By far the most significant change in the circuit is the RIAA equalization filter. It is still passive, it still sits between the two gain stages, but the values have been changed and it has shed one component.
The results are nothing less than spectacular.
Read on to find out how this circuit has a RIAA accuracy of less than +/- 0.025 dB from 1 Hz to 100 kHz!
This is the schematic for the passive RIAA filter.
Why was it changed? Four reasons:
- To use standard component values
- To lower the filter resistance
- To get closer to the ideal RIAA curve
- To reduce component count
Standard Component Values and Lowering Resistance
The CNC circuit uses the following values:
- R1: 27k75 (27k + 750)
- R2: 4k03 (3k83 + 200)
- C1: 27 nF
- C2: 80 nF (47 + 33)
The Muffsy PP-2 uses these instead:
- R1: 16k
- R2: 2k33 (2k2 + 130)
- C1: 47 nF
- C2: 136 nF (68 + 68)
First of all, all the component values for the Muffsy PP-2 are completely standard. We're not moving outside of the E24-series of resistors for the whole project, and the RIAA capacitor values have been changed from three to two different values.

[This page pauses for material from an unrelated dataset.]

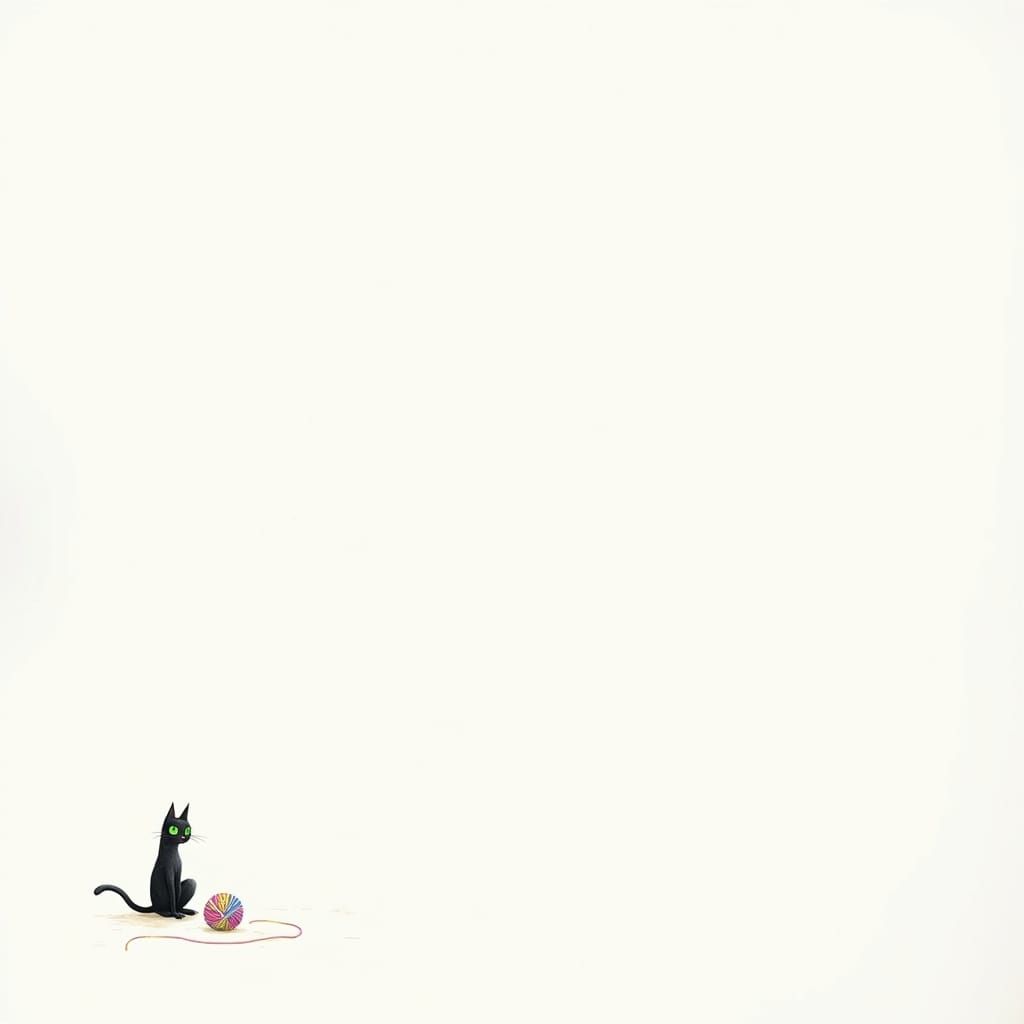 Whimsical Black Cat Plays with Yarn Ball on White Background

Second, there's one less resistor.
Third, R1, which is a part of the signal path, is 50% higher in the CNC circuit. A lower value will give less resistor noise and less attenuation of the signal.

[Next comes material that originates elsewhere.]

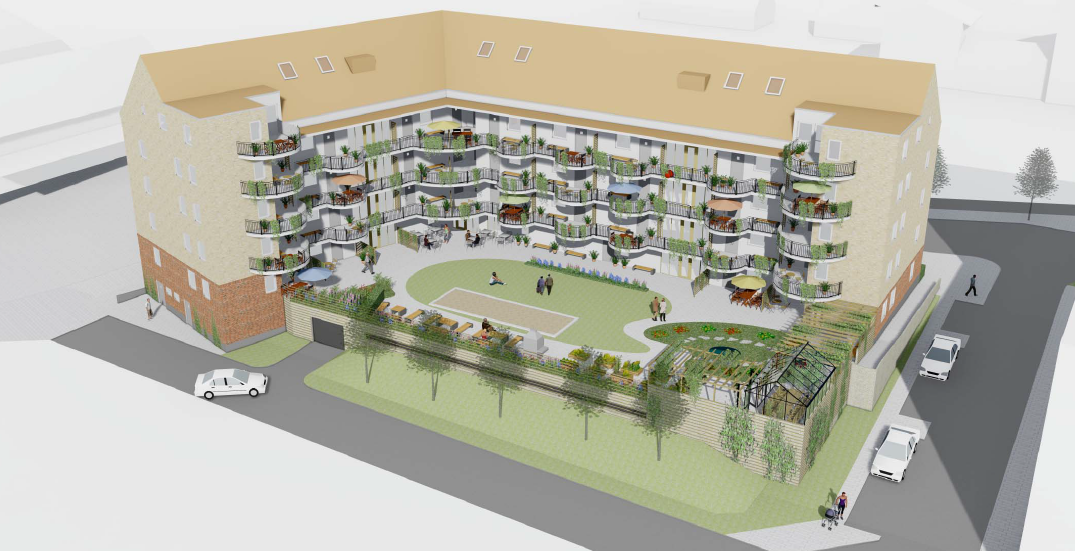 Illustration av ett flerbostadshus med U-formad planlösning, omgiven av grönområden, lekplats och odlingsytor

Making a lower resistance RIAA filter makes it more dependent on the impedances before and after the stage. Luckily, we have opamps in both ends that ensures stable operation.
A passive RIAA filter will attenuate the signal nonetheless, which is why we have the first gain stage. Then the signal won't be completely lost in the filter.

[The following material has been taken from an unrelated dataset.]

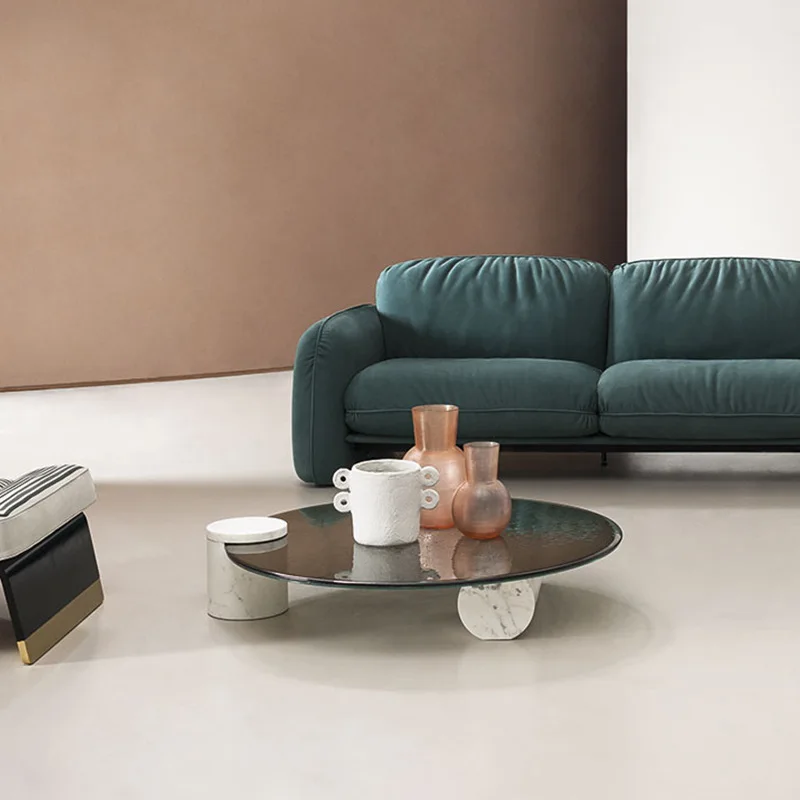 

Italian light luxury Baxter glass coffee table modern water ripple designer high sense living room round several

What's more, the attenuation in the RIAA filter is higher as the frequency increases. Which is a very welcomed feature indeed. That means that high frequency noise is completely removed by the filter before the last gain stage.
Not bad at all, eh?
Ideal Component Values vs Chosen Values
We've dealt with three of the goals, now how about the component values that were chosen?
|Component||Ideal Value||Chosen Value||Accuracy|
With some careful measurements and component matching, it will be possible to match the ideal values. Doing so will give less than 0.001 dB deviation from the RIAA curve.
Performance RIAA Filter
What happens then, with the chosen values in this circuit? You're going to see that it's not at all shabby. Let's simulate it in Spice:
What we're seeing here is the deviation from the RIAA curve in milli-dB, using the components we have chosen. One milli-dB is one thousandth of a deciBel, from 1 Hz to 100 kHz.
The exact maximum deviations are +0.0227 dB and -0.0229 dB, or to simplify: +/- 0.023 dB. This is a total maximum deviation of 0.0456 dB.
Performance Complete Phono Preamp
Of course, this is all academical. It is just the RIAA filter and none of the other components. So let's go ahead and simulate the full circuit:
Our deviations, from 1 Hz to 100 kHz are +0.0227 dB and -0.0235 dB. A total of maximum 0.0462 dB. The negative deviation drops below -0.023 dB at 26 kHz.
The opamps perform very well, as expected. It is safe to say that the RIAA accuracy with the actual chosen component values is +/-0.023 dB, within the audible band.
This is of course far, far below any commercial offerings, where the best usually quote +/- 0.3 to 0.5 dB from 20-20.000 Hz. This circuit falls well within +/+0.025 dB from 1-100.000 Hz!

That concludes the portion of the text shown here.